By Adria Carpenter
Easy to learn, easy to use.
That was the championed slogan for the first personal computers as they crept into daily life. Like the Apple IIe, branded “The Most Personal Computer” in 1983. Or the Macintosh introduced the following year, a computer for the “bemused, confused, and intimidated.”
These computers were touted as revolutionary tools for businessmen, creatives, and students. And the emerging discipline of human-computer interaction (HCI) represented the marriage of technology and psychology.
“That’s the entire goal of those fields. It’s how to make technology accessible for those who might be excluded from using it,” said Amanda Wick, Curator of the Charles Babbage Institute Archives. “At this point, every aspect of our lives is underlaid by technology, and we’re helping develop it further.”
Wick’s exhibit, “How It Started, How It’s Going: Interactivity and High-Tech Culture,” — currently on display in the Elmer L. Andersen Library — showcases newer collection efforts to center the user’s relationship to technology.
From early video games like the Atari 1050 to chunky laptops from the ‘90s, the exhibit highlights materials often underutilized and under-recognized in the collection, which has predominantly specialized in the development of ‘60s and ‘70s supercomputing.
In recent years, the CBI archives has fashioned a more comprehensive historical record by documenting the people behind the screens and circuit boards: the innovators, users, and the overlap between them.
What context surrounded their professional and personal lives? Which groups were supposed to benefit from technological progress? And how were people actually using that technology?
“There’s a lot of debate in the scientific and technology communities about what is the goal of innovation. Is it altruistic, or is it not? Is it ethical?” Wicks said. “Like the Manhattan Project, or something like that.
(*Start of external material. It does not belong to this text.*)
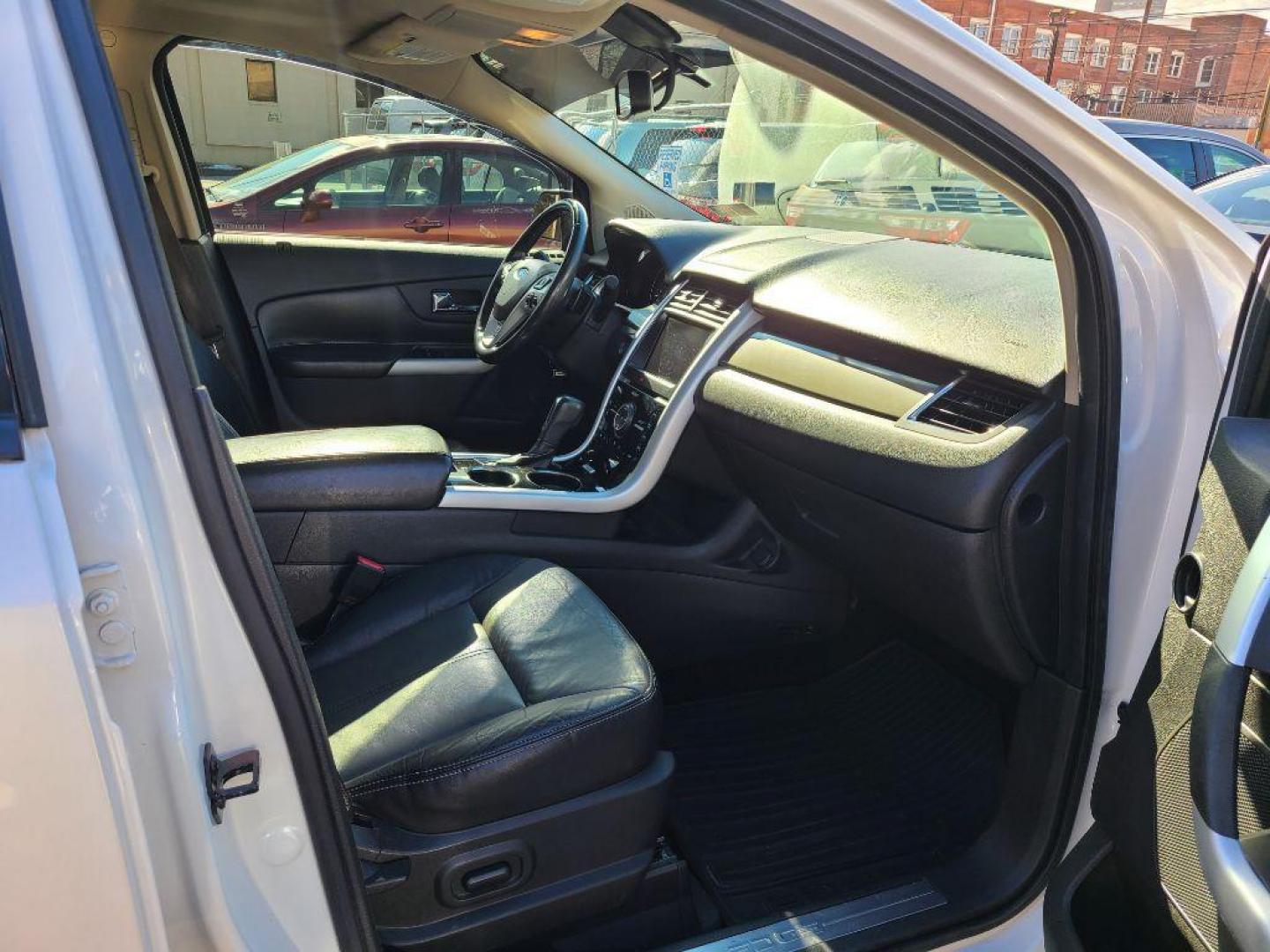 2013 WHITE FORD EDGE SPORT (2FMDK4AK5DB) with an 3.7L engine, Automatic transmission, located at 7981 Paxton Street, Harrisburg, PA, 17111, (717) 561-2926, 40.261490, -76.749229 - WE FINANCE!!! Good Credit/ Bad Credit/ No Credit - ALL Trade-Ins Welcomed!!! ***Guaranteed Credit Approval*** APPLY ONLINE or CALL us TODAY ;) Internet Prices and Marketplace Prices are SPECIAL discounted ***CASH DEALS*** Retail Prices are higher. Please call us to discuss your cash and finan - Photo#9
Peaceful applications of nuclear power, versus a bomb.”
The growing calls for accessibility and user-oriented design in the ‘80s and ‘90s, for example, reflected how developers were impacted by the Civil Rights Movements and the Anti-War Movement of the ‘60s and ‘70s.
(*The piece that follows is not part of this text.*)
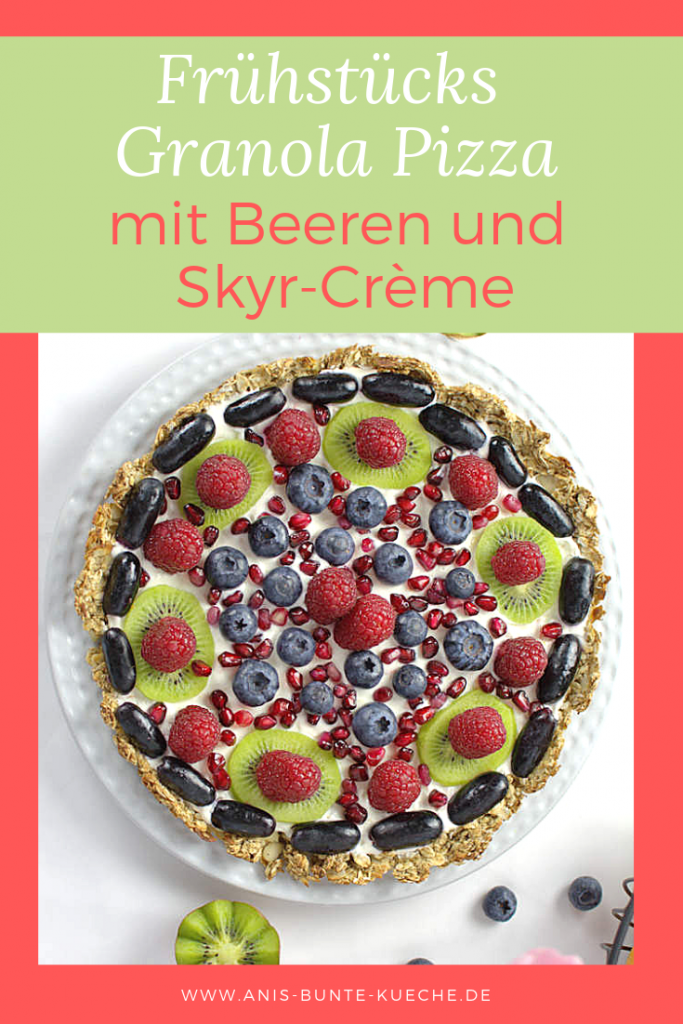 gesunde Beeren Tarte mit Skyr und Haferflocken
Wick is specifically interested in overlooked groups like LGBTQ people and women, who were the first to adopt computing and the first to create programming languages, since computing and calculating was seen as menial work for secretaries.
One of her favorite items in the exhibit is a photograph of two motion capture models: a man wearing the stereotypical tech uniform of a plaid button-down shirt with a pocket protector, standing next to women wearing a skin-tight suit.
Instead of focusing on the supposed tech saviors, like Steve Jobs and Bill Gates, Wick wants to evaluate the domino effects technological advancements have had on our lives.
“I think less and less emphasis is going to be put on creators of technology, and more and more on users of technology, or the impact of technology on society as a whole,” she said. “There’s people thinking about how to make you use your computer more, and how to make it easier.”
“How It Started, How It’s Going” is open on the first floor gallery of Elmer L. Andersen Library during normal operating hours (9 a.m. to 5 p.m. on Monday, Tuesday, and Friday; and 9 a.m. to 7 p.m. on Wednesday and Thursday) until Sept. 15, 2023.